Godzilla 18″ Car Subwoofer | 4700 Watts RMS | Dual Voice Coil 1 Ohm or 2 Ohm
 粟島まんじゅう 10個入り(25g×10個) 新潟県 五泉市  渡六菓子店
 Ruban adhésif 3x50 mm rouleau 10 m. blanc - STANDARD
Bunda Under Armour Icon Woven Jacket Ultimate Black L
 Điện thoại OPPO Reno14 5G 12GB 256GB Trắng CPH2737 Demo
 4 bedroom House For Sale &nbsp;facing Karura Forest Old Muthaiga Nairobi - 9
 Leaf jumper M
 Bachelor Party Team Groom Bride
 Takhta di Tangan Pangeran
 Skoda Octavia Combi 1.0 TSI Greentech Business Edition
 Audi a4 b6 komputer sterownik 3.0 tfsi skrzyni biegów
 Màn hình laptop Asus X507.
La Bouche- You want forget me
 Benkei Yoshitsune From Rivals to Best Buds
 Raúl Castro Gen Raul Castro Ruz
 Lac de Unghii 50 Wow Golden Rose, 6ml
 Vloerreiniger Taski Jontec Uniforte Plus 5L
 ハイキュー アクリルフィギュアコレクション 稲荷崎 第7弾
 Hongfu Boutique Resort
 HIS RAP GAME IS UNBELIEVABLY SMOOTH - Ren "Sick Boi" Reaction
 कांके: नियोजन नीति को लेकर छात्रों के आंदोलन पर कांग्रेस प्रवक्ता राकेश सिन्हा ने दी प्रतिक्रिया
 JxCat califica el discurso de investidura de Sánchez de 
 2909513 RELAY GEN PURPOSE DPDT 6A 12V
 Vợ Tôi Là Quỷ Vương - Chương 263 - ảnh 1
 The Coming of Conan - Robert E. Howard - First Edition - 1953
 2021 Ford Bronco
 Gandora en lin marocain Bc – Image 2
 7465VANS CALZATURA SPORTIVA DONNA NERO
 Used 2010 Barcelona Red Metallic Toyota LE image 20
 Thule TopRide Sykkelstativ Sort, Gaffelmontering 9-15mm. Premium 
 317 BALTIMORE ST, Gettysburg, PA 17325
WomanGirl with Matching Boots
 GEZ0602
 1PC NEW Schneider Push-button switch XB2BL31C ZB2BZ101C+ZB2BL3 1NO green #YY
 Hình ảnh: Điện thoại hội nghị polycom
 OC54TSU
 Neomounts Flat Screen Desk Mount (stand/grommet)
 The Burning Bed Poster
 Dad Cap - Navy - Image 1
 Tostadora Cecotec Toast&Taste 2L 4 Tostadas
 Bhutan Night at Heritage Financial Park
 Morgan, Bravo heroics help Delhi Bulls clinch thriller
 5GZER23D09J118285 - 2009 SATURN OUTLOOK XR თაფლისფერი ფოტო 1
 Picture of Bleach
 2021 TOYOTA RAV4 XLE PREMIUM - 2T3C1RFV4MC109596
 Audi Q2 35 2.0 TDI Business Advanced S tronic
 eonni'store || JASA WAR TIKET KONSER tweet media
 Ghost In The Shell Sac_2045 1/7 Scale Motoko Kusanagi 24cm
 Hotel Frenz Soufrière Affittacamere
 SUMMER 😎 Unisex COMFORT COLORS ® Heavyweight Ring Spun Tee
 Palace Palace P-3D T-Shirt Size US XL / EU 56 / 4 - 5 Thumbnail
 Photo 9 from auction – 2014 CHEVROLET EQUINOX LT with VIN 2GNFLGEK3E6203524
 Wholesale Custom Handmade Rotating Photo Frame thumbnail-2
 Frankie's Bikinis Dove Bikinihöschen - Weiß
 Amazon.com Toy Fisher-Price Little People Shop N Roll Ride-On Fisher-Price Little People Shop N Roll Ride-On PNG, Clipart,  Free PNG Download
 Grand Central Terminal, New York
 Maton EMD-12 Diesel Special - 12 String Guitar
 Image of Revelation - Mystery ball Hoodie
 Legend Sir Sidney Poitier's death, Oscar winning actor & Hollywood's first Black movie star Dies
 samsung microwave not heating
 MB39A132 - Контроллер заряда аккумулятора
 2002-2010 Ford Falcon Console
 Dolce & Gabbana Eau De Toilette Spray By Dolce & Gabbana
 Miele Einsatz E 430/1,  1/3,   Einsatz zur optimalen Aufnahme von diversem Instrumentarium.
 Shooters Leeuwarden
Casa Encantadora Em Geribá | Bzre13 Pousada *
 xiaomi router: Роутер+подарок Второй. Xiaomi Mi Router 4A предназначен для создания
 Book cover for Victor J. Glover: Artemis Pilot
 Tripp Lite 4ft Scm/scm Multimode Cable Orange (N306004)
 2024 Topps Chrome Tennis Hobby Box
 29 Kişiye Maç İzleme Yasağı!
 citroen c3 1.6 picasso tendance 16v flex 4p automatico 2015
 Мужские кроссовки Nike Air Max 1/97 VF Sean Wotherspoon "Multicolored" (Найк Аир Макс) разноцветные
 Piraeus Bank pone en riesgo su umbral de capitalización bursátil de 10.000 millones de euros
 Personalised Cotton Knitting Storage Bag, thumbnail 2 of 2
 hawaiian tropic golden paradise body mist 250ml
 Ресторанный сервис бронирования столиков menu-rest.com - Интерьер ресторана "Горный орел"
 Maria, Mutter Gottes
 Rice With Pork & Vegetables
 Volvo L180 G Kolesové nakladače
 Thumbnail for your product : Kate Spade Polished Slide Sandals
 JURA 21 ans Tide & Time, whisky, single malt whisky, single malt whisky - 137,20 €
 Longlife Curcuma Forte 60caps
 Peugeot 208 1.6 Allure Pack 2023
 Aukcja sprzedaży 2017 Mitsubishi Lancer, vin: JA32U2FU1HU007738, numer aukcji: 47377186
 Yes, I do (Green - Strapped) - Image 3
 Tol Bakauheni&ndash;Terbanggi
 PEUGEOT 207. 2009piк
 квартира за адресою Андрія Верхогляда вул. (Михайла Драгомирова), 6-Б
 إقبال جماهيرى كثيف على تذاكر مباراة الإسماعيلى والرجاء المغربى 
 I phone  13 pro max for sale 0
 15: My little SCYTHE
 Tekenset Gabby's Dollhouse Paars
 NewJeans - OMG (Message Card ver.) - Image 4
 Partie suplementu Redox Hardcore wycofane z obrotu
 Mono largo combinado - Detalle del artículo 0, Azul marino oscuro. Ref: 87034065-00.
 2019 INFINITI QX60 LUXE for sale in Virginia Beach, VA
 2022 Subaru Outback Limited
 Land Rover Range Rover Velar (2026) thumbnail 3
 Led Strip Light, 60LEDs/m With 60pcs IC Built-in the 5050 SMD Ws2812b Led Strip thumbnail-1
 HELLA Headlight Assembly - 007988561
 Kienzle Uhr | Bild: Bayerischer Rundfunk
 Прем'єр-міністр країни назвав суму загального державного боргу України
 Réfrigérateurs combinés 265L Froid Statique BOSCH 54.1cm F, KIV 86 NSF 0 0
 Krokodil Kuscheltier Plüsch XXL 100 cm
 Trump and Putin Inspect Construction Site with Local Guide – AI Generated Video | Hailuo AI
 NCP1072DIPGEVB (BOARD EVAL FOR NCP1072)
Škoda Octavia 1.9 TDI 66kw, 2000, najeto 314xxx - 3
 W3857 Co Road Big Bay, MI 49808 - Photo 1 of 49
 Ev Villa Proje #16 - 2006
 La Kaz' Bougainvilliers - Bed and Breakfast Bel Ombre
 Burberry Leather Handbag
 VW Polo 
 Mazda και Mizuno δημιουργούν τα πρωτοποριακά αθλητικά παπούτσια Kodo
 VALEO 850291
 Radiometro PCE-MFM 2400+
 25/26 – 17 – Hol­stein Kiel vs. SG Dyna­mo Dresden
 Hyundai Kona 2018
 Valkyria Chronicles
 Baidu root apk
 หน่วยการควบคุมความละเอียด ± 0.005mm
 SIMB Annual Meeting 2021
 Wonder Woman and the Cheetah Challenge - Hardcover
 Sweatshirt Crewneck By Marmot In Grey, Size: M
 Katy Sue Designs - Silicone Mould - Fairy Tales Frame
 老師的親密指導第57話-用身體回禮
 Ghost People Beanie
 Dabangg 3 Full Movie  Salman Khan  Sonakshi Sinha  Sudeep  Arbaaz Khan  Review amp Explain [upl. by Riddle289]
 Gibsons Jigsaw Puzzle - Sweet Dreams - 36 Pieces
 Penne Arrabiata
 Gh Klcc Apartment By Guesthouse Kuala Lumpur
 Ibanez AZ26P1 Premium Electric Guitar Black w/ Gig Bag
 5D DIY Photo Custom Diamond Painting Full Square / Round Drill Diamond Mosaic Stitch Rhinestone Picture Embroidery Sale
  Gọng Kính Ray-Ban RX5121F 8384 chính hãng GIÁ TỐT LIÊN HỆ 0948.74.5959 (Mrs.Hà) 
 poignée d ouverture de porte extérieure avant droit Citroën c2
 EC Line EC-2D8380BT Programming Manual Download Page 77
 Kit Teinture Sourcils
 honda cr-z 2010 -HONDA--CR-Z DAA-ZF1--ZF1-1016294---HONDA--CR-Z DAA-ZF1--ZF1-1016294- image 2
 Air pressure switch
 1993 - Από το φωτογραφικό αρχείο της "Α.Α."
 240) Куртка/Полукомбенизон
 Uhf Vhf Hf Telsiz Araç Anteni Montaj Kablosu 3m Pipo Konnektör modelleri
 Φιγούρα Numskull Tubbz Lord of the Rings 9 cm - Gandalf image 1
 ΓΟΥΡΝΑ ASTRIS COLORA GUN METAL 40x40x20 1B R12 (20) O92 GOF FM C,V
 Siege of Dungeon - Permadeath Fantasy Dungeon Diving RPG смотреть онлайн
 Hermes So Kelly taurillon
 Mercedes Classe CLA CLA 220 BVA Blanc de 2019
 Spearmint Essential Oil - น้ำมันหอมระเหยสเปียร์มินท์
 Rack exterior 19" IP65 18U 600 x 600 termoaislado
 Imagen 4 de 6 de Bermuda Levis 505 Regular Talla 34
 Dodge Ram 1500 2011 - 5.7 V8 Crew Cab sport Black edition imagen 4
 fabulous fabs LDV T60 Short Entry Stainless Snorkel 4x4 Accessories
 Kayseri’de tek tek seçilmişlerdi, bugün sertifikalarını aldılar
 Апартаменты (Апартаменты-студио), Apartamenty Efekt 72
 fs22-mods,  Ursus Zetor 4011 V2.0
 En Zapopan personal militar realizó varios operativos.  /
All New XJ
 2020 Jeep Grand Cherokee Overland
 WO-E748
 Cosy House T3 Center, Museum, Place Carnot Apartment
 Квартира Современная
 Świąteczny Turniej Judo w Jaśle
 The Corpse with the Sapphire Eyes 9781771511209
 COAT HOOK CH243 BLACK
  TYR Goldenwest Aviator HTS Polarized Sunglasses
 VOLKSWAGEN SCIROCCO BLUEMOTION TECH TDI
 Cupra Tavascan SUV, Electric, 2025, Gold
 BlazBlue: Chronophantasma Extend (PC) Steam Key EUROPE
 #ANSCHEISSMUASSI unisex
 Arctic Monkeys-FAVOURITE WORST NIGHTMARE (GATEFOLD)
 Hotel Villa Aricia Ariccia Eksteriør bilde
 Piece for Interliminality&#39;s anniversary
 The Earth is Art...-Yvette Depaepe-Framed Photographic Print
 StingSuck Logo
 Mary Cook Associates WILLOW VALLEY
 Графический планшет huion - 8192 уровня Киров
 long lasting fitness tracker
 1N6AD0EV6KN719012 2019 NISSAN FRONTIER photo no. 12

» **Problem to work on**:
Whenever a line of the material holds the word "Download", copy it out.

» **Result for this exercise**:
 Amazon.com Toy Fisher-Price Little People Shop N Roll Ride-On Fisher-Price Little People Shop N Roll Ride-On PNG, Clipart,  Free PNG Download
 EC Line EC-2D8380BT Programming Manual Download Page 77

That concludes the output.